__Dataset items__

=== Begin Enclosure ===

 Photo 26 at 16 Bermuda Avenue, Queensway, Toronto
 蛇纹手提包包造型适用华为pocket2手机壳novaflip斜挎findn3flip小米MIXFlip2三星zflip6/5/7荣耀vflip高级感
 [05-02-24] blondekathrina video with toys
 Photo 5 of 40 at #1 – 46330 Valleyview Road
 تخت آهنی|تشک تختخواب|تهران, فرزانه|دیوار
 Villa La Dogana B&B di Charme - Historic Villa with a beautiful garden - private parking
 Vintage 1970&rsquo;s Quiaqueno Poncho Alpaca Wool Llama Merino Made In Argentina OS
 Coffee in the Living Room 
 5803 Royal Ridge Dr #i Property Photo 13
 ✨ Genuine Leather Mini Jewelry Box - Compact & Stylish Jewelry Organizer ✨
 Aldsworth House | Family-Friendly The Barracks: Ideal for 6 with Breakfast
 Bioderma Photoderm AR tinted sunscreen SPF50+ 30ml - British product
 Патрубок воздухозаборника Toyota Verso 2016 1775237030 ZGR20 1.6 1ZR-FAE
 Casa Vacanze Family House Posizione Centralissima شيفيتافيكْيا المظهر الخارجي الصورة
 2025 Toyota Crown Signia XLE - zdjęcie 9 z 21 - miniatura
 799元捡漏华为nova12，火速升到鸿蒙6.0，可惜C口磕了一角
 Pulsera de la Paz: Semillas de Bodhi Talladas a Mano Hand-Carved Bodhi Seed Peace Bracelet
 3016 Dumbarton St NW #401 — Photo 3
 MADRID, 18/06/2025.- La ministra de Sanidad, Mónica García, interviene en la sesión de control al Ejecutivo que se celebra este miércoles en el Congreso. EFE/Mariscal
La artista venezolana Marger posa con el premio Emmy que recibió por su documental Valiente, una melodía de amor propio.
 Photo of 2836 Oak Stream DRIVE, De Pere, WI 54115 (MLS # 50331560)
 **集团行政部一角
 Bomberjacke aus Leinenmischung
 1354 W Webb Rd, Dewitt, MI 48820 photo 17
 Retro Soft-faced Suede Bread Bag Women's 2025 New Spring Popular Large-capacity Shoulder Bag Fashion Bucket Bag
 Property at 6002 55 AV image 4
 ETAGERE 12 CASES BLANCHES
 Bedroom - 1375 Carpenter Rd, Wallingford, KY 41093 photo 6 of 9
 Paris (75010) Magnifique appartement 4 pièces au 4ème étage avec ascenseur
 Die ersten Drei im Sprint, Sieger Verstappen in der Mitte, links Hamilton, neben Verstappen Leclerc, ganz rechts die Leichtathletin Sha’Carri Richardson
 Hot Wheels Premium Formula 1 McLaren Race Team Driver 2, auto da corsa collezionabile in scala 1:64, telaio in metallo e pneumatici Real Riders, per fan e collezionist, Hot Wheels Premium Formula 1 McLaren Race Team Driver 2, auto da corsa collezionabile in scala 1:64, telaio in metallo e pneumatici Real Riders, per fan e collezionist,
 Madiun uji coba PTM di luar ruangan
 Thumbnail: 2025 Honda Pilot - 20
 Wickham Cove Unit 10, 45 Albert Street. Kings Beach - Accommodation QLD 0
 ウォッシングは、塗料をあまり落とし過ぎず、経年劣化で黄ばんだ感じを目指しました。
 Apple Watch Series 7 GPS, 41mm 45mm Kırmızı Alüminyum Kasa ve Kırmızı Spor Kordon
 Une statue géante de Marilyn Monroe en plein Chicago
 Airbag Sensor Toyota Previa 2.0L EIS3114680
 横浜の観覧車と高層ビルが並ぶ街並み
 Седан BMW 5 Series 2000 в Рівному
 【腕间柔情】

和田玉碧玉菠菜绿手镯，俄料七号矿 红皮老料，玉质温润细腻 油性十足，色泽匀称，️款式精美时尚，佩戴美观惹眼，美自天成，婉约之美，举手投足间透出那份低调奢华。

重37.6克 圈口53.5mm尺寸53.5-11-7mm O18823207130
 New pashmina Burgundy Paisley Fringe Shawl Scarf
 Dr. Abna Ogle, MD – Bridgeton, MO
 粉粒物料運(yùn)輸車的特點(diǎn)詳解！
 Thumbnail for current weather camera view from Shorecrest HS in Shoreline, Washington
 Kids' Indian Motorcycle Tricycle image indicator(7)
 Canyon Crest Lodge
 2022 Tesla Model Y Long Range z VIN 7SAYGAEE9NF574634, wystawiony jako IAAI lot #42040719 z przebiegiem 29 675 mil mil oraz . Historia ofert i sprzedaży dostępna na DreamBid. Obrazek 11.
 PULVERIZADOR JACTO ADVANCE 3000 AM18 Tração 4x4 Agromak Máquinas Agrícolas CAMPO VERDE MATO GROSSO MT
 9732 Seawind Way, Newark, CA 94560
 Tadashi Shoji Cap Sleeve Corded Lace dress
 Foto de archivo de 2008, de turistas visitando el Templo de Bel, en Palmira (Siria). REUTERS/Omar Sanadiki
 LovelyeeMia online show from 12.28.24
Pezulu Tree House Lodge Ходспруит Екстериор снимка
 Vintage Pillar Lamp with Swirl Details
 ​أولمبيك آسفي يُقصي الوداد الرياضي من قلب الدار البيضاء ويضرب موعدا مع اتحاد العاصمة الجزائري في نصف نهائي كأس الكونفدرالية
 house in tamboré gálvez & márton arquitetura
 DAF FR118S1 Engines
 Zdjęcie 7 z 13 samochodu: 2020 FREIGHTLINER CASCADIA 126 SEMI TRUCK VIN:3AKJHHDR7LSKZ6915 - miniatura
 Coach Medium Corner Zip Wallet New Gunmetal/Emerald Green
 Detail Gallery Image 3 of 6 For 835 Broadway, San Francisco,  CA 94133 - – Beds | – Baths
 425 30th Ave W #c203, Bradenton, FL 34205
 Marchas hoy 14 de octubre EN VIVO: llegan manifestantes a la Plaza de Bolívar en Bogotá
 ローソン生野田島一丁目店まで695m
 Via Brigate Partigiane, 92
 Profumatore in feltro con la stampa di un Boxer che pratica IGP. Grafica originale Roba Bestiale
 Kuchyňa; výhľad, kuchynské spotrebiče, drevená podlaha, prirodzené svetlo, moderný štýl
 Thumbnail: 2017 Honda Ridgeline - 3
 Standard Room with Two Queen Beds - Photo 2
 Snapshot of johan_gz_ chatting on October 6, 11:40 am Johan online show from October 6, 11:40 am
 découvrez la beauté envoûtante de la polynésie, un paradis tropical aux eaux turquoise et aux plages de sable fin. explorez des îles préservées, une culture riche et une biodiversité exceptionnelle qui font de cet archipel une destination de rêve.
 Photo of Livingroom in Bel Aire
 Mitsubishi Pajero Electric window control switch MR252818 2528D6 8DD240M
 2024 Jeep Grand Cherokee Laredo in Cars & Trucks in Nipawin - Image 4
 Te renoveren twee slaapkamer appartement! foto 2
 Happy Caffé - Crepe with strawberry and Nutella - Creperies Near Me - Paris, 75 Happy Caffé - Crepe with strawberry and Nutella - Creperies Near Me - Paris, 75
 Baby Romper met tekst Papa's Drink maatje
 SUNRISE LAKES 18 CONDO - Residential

=== End Enclosure ===

__Task details__
Look above for the line with "Canyon Crest Lodge" and the line with "Thumbnail: 2017 Honda Ridgeline - 3". Write out those two lines and all the lines between them, exactly, and no others.

__Written solution__
 Canyon Crest Lodge
 2022 Tesla Model Y Long Range z VIN 7SAYGAEE9NF574634, wystawiony jako IAAI lot #42040719 z przebiegiem 29 675 mil mil oraz . Historia ofert i sprzedaży dostępna na DreamBid. Obrazek 11.
 PULVERIZADOR JACTO ADVANCE 3000 AM18 Tração 4x4 Agromak Máquinas Agrícolas CAMPO VERDE MATO GROSSO MT
 9732 Seawind Way, Newark, CA 94560
 Tadashi Shoji Cap Sleeve Corded Lace dress
 Foto de archivo de 2008, de turistas visitando el Templo de Bel, en Palmira (Siria). REUTERS/Omar Sanadiki
 LovelyeeMia online show from 12.28.24
Pezulu Tree House Lodge Ходспруит Екстериор снимка
 Vintage Pillar Lamp with Swirl Details
 ​أولمبيك آسفي يُقصي الوداد الرياضي من قلب الدار البيضاء ويضرب موعدا مع اتحاد العاصمة الجزائري في نصف نهائي كأس الكونفدرالية
 house in tamboré gálvez & márton arquitetura
 DAF FR118S1 Engines
 Zdjęcie 7 z 13 samochodu: 2020 FREIGHTLINER CASCADIA 126 SEMI TRUCK VIN:3AKJHHDR7LSKZ6915 - miniatura
 Coach Medium Corner Zip Wallet New Gunmetal/Emerald Green
 Detail Gallery Image 3 of 6 For 835 Broadway, San Francisco,  CA 94133 - – Beds | – Baths
 425 30th Ave W #c203, Bradenton, FL 34205
 Marchas hoy 14 de octubre EN VIVO: llegan manifestantes a la Plaza de Bolívar en Bogotá
 ローソン生野田島一丁目店まで695m
 Via Brigate Partigiane, 92
 Profumatore in feltro con la stampa di un Boxer che pratica IGP. Grafica originale Roba Bestiale
 Kuchyňa; výhľad, kuchynské spotrebiče, drevená podlaha, prirodzené svetlo, moderný štýl
 Thumbnail: 2017 Honda Ridgeline - 3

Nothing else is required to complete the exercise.